Merdeka Gold Tingkatkan Produksi dan Kapasitas Tambang Emas Pani di Gorontalo
PT Merdeka Gold Resources Tbk (EMAS) memperkuat ekspansi Tambang Emas Pani di Gorontalo melalui investasi pembelian peralatan pengolahan emas senilai Rp2,7 triliun dari perusahaan asal China. Investasi tersebut diarahkan untuk mendukung pembangunan fasilitas Carbon-in-Leach (CIL), seiring lonjakan produksi emas perusahaan sepanjang 2026.
Transaksi pembelian alat pengolahan emas itu efektif berlaku pada 21 Agustus 2026. Nilainya mencapai 1,02 miliar renminbi, atau setara Rp2,7 triliun dengan asumsi kurs Rp2.634 per renminbi.
Nilai transaksi tersebut setara dengan 40,26 persen ekuitas EMAS per Maret 2026. Karena nilainya melampaui 20 persen tetapi masih di bawah 50 persen dari ekuitas perseroan, pembelian ini dikategorikan sebagai Transaksi Material sesuai Peraturan Otoritas Jasa Keuangan (POJK) Nomor 17/POJK.04/2020.
Produksi Emas Melonjak
Kinerja operasional Tambang Emas Pani menunjukkan pertumbuhan signifikan pada semester pertama 2026. Produksi emas EMAS pada kuartal II 2026 mencapai 15.594 ounces, melonjak tajam dibandingkan 1.818 ounces pada kuartal I 2026.

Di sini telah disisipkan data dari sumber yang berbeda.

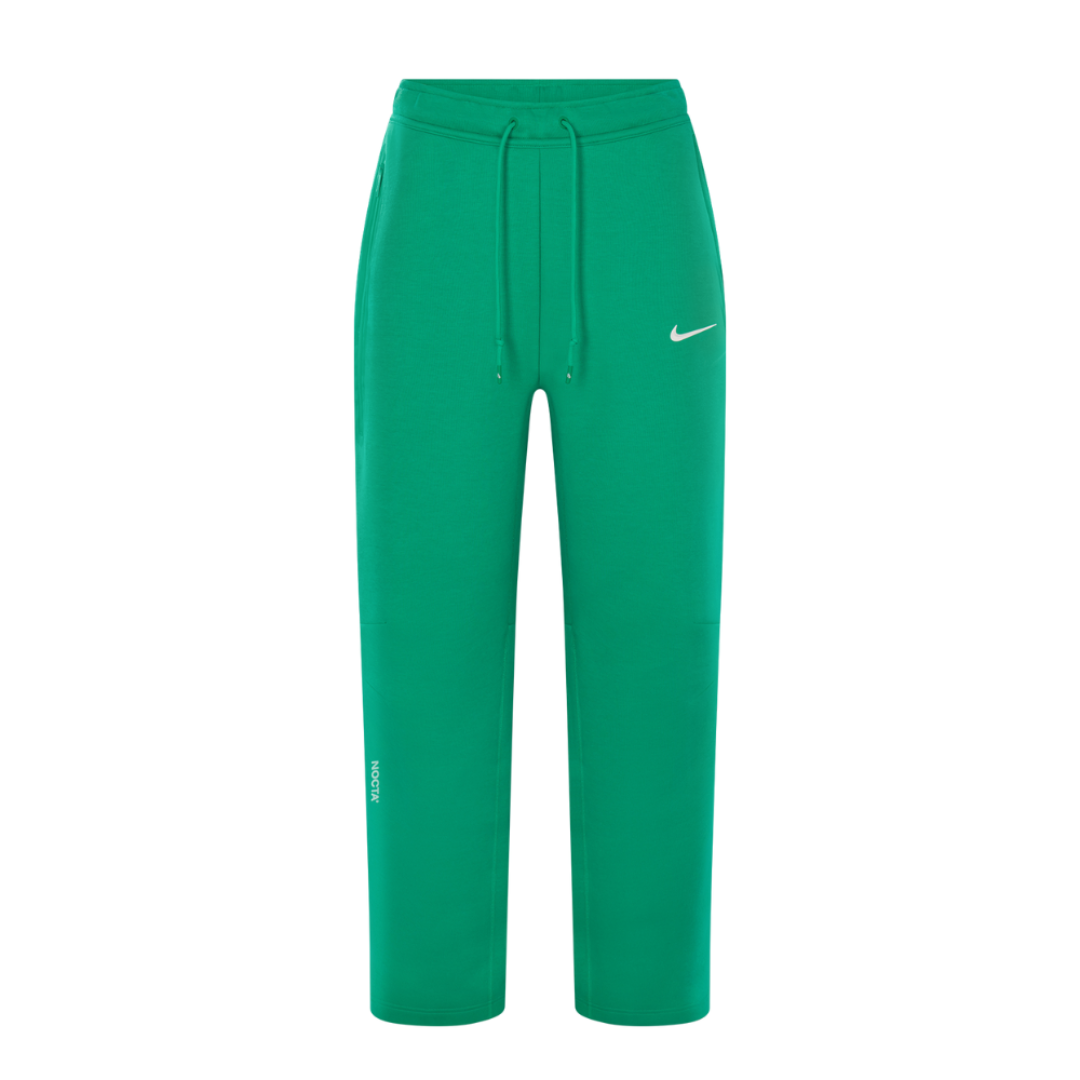 Nocta Green Tracksuit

Kenaikan tersebut mencerminkan masuknya perusahaan ke fase pertumbuhan operasional, terutama melalui pengembangan fasilitas heap leach yang terus diperluas. Di saat yang sama, EMAS juga menyiapkan fasilitas CIL berkapasitas 12 juta ton per tahun atau 12 Mtpa.

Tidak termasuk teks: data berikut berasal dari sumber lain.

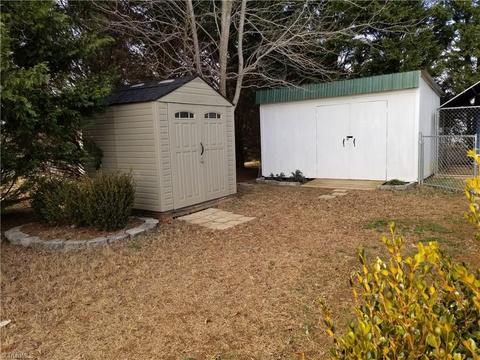 109 Kettering Ct, King, NC 27021 photo 30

Presiden Direktur PT Merdeka Gold Resources Tbk, Boyke P. Abidin, menyatakan bahwa perseroan kini berada dalam momentum penting untuk meningkatkan kapasitas produksi.
“EMAS kini memasuki fase pertumbuhan penting, didukung oleh peningkatan produksi heap leach dan pembangunan fasilitas CIL 12 Mtpa,” ujar Boyke P. Abidin.
Perluasan Heap Leach dan CIL
Pengembangan fasilitas heap leach di Tambang Emas Pani telah mencakup penyelesaian Cell 1 dan Cell 2. Perseroan akan terus meningkatkan kapasitas kedua area tersebut melalui peninggian tanggul hingga akhir 2026.
Selain itu, pembangunan Cell 3 telah dimulai. Setelah seluruh fasilitas tersebut rampung, kapasitas penampungan bijih pada fasilitas heap leach ditargetkan mencapai sekitar 62 juta ton.
Fasilitas CIL yang tengah dibangun akan menjadi pelengkap bagi operasi heap leach. Dalam jangka panjang, kombinasi keduanya diproyeksikan membuat Tambang Emas Pani mampu mengolah hingga 24 juta ton bijih per tahun.
Pengecoran beton pertama untuk fasilitas CIL direncanakan berlangsung pada awal kuartal IV 2026. Proyek tersebut juga mencakup pembangunan infrastruktur pendukung, termasuk fasilitas tailings serta pengadaan pasokan listrik melalui kerja sama dengan PT PLN (Persero).
Transaksi Dinilai Wajar
Kantor Jasa Penilai Publik Iskandar & Rekan telah memberikan opini kewajaran atas transaksi pembelian peralatan tersebut. Berdasarkan kajian kelayakan investasi, transaksi dinilai wajar karena menghasilkan internal rate of return (IRR) yang lebih tinggi dibandingkan weighted average cost of capital (WACC), serta memiliki net present value (NPV) positif.
Dengan kata lain, investasi tersebut dipandang berpotensi memberikan nilai tambah bagi perseroan. Pengadaan peralatan CIL diharapkan tidak hanya memperbesar kapasitas pengolahan bijih, tetapi juga mendorong peningkatan pendapatan dan laba EMAS pada masa mendatang.